Sometimes it is possible to find pairs of dice other than the two regular ones with the property that they produce the same probability distribution on results. Instead of directly looking for the values on the sides of those dice, we can look for their generating functions instead. More precisely, we want two polynomials P, Q such that:

• Their product is (S_n(x))^2.
• The constant term of each polynomial is 0 (no empty faces allowed).
• All coefficients are nonnegative (we cannot have -3 faces with 7 pips each).
• The sum of coefficients of each polynomial is n (we want two n-sided dice).

The key observation is that the number of such pairs (P,Q) has to be quite small. This is because each P and each Q must be a factor of (S_n(x))^2 in polynomials over Z.

Thus, a viable approach looks as follows: We know that both P and Q have a factor x each.
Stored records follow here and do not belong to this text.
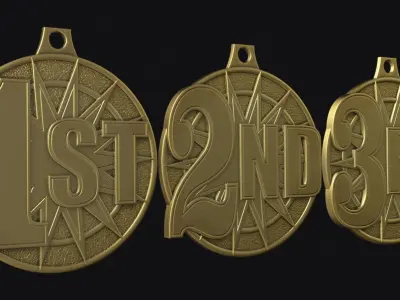 Award Medal 3D print model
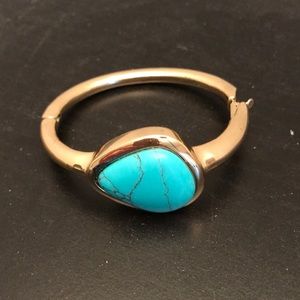 Banana republic turquoise gold bracelet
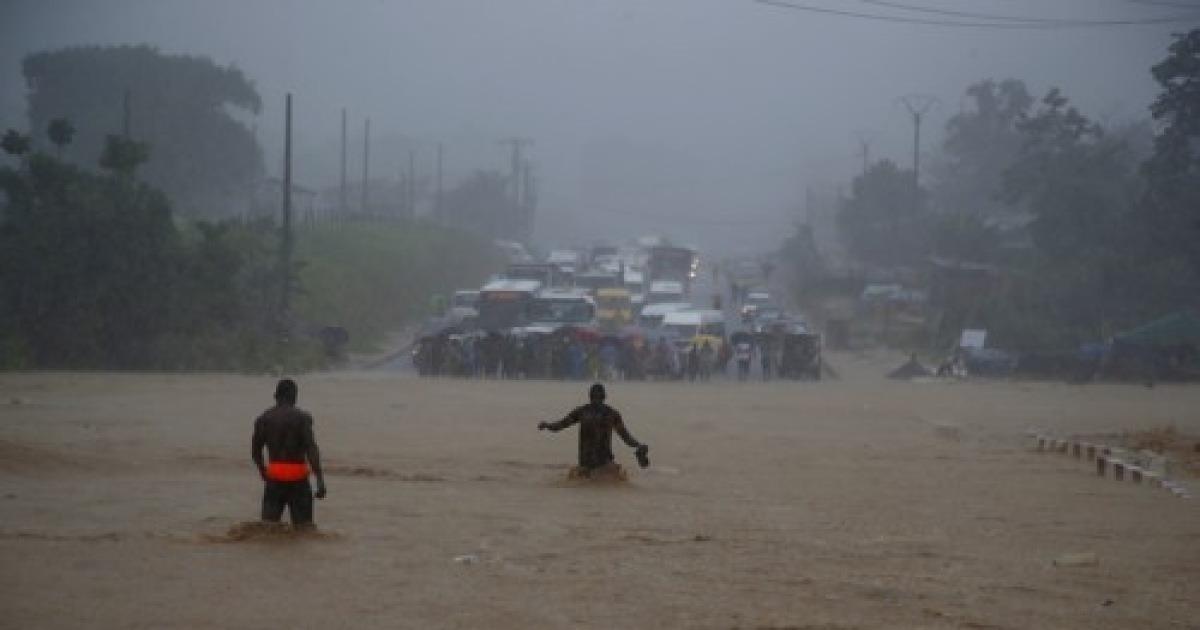 IVORY COAST WEATHER MONSOON RAINS FLOODS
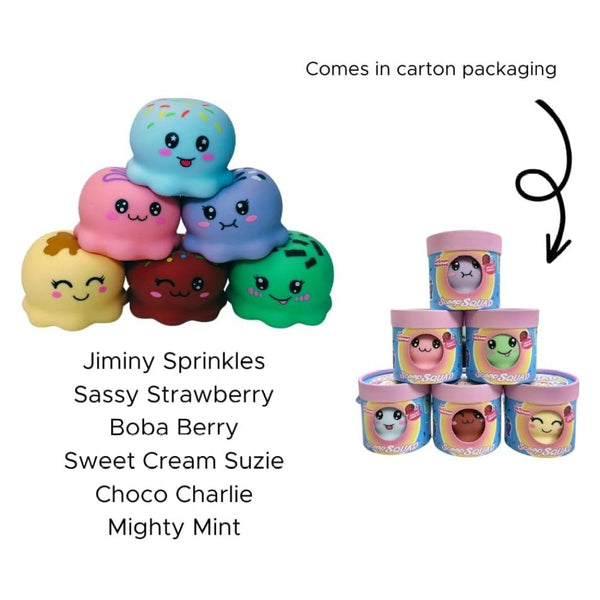 Kalan Scoop Squad Choco Charlie - Cute Squishy Ice Cream Scoop Toy, Stress Relief Fidget Squeeze Toy for Kids & Adults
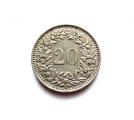 Sveitsi 20 rappen 1945 B, 0,50 EUR
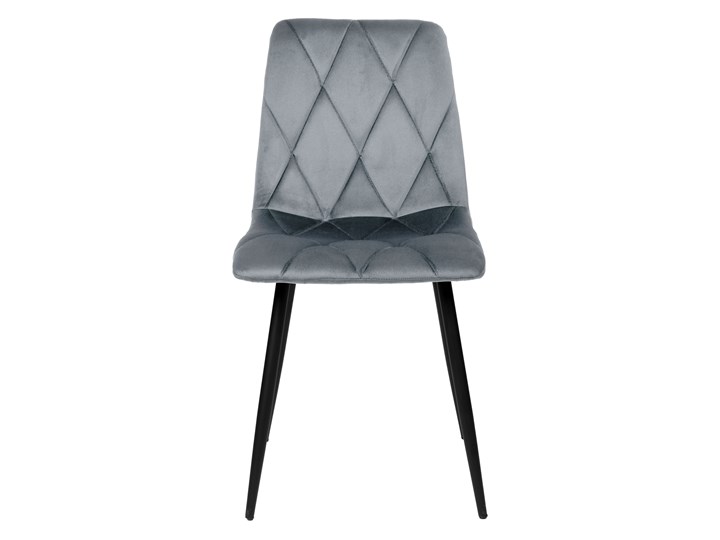 Krzesło tapicerowane MADISON VELVET grafitowe aksamitne Szerokość 44 cm Szerokość 88 cm Skóra Tworzywo sztuczne Metal Wysokość 88 cm Głębokość 56 cm Tkanina Kolor Szary Welur Model Krzesła pikowane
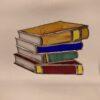 Books Stained Glass Suncatcher
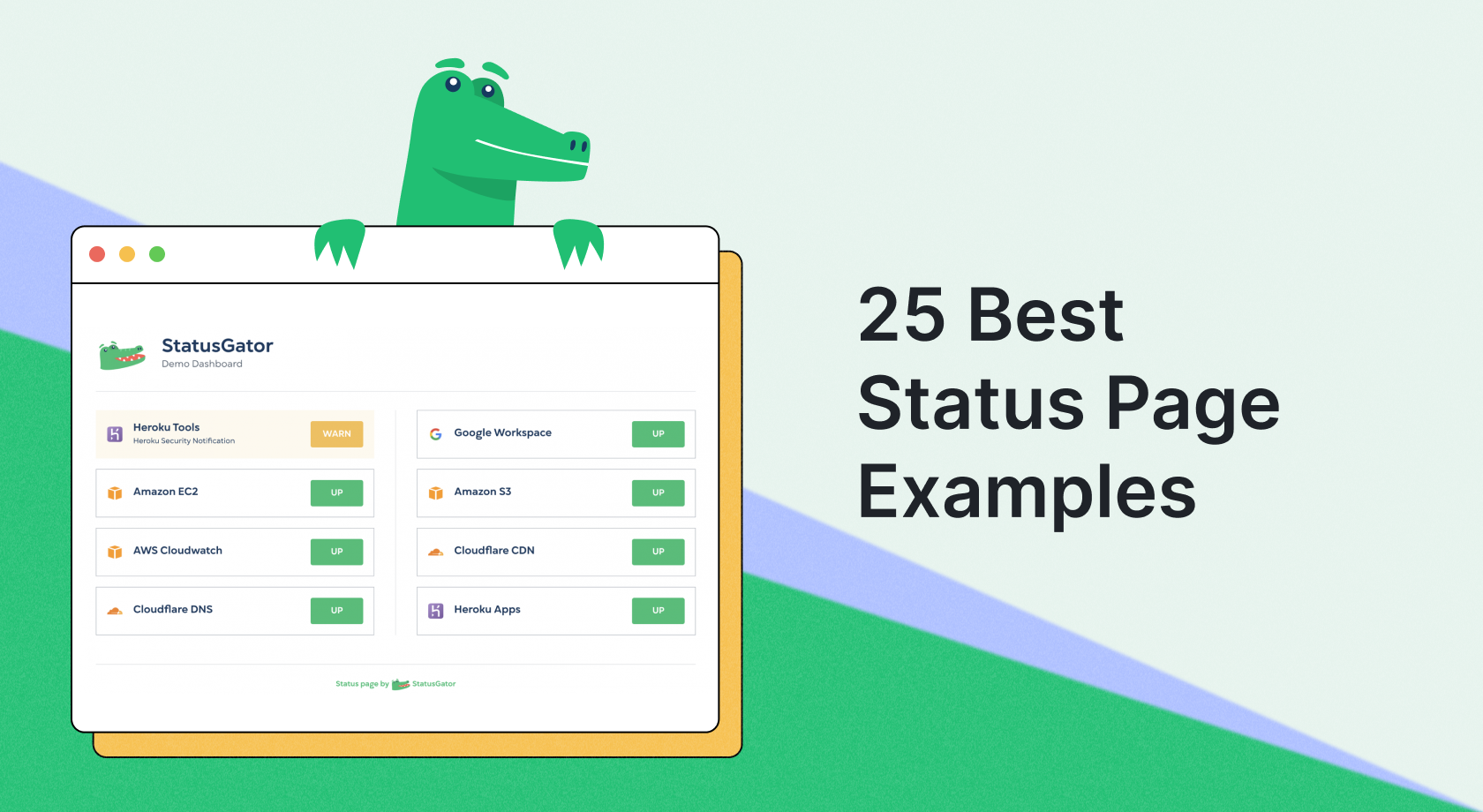 25 best status page examples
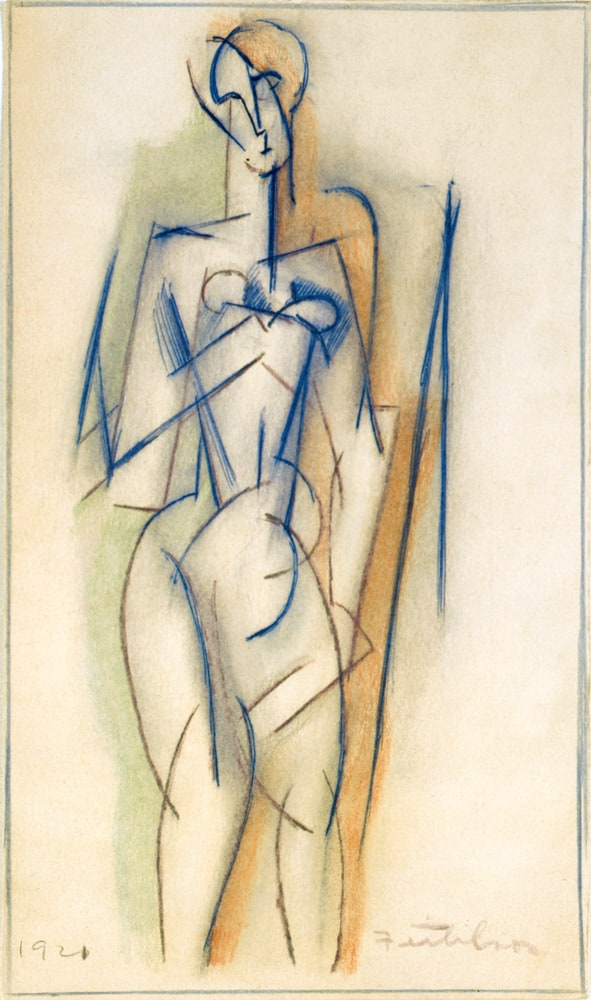 Female Figure, 1921

Oil pastel and Conte crayon on paper

10 3/8 x 6 inches &amp;nbsp; &amp;nbsp; &amp;nbsp; &amp;nbsp; &amp;nbsp;&amp;nbsp;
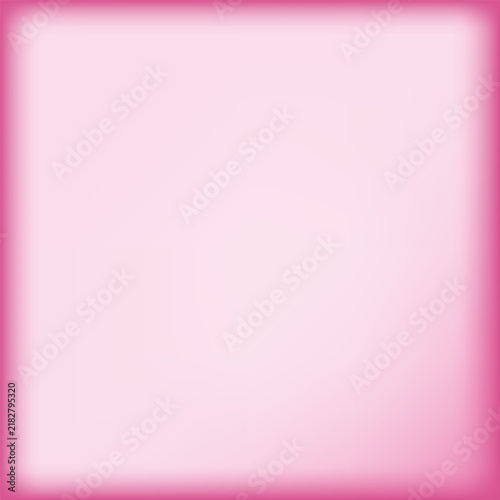 Minimalist vibrant pink blurred frame background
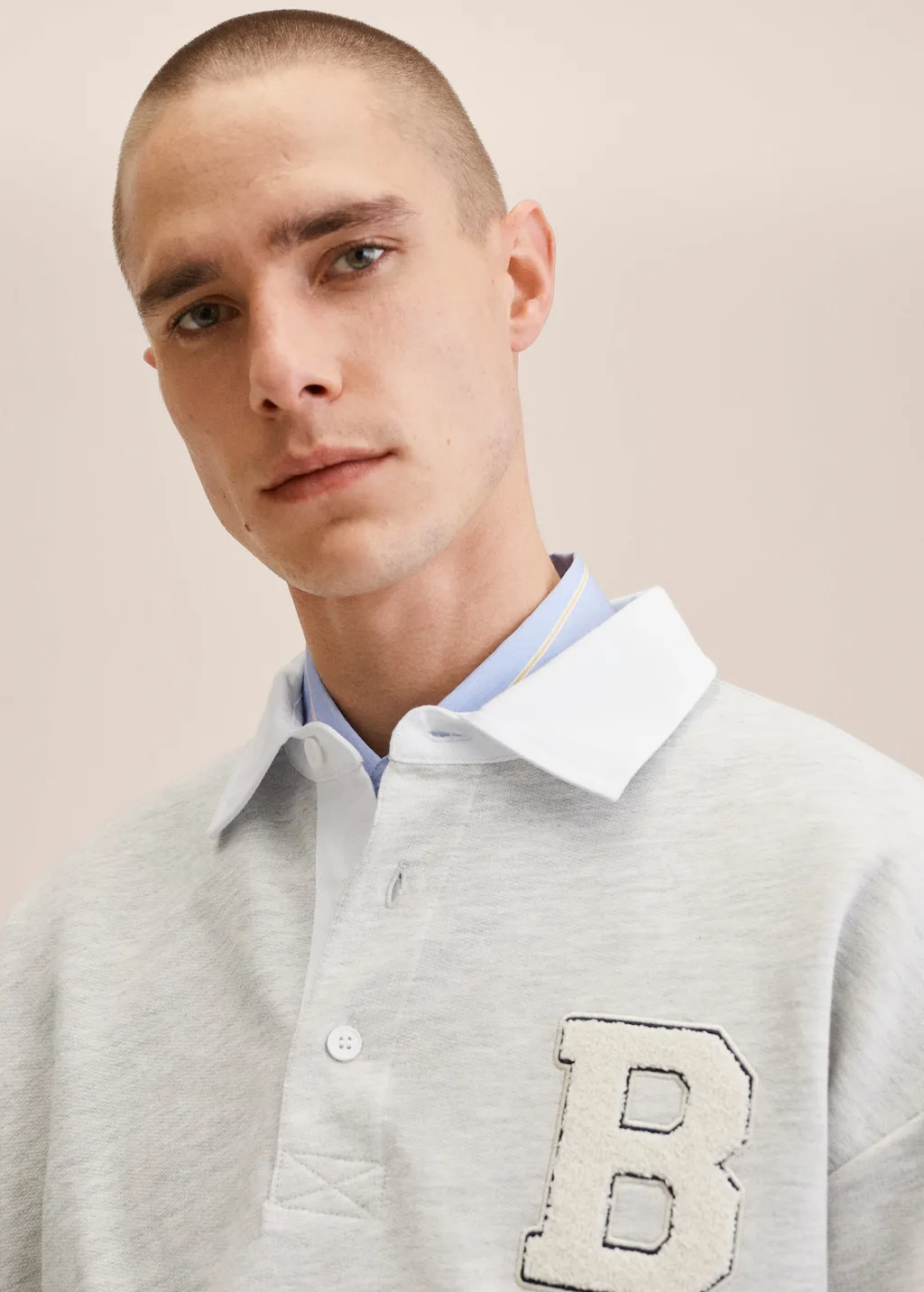 Polo cotone toppa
Factor S(x)/x into irreducible polynomials. (See https://en.wikipedia.org/wiki/Cyclotomic_polynomial for explanation of this step.) This gives you the factorization of (S(x)/x)^2. Try all possibilities for how to split the factors between P and Q. For each of those, check whether P and Q satisfy the requirements above, and if they do, check whether the corresponding dice can be produced from the partial dice that were given in the input.

For the given constraints the factorization of S(x)/x always has at most 11 terms, which gives us at most 3^11 = 177,147 possibilities for the pair (P,Q). (Only a few of those actually produce valid pairs of dice, so if it turns out that your program cannot try 3^11 possibilities fast enough, you can precompute and store the indices of those possibilities that actually produce valid pairs of dice.)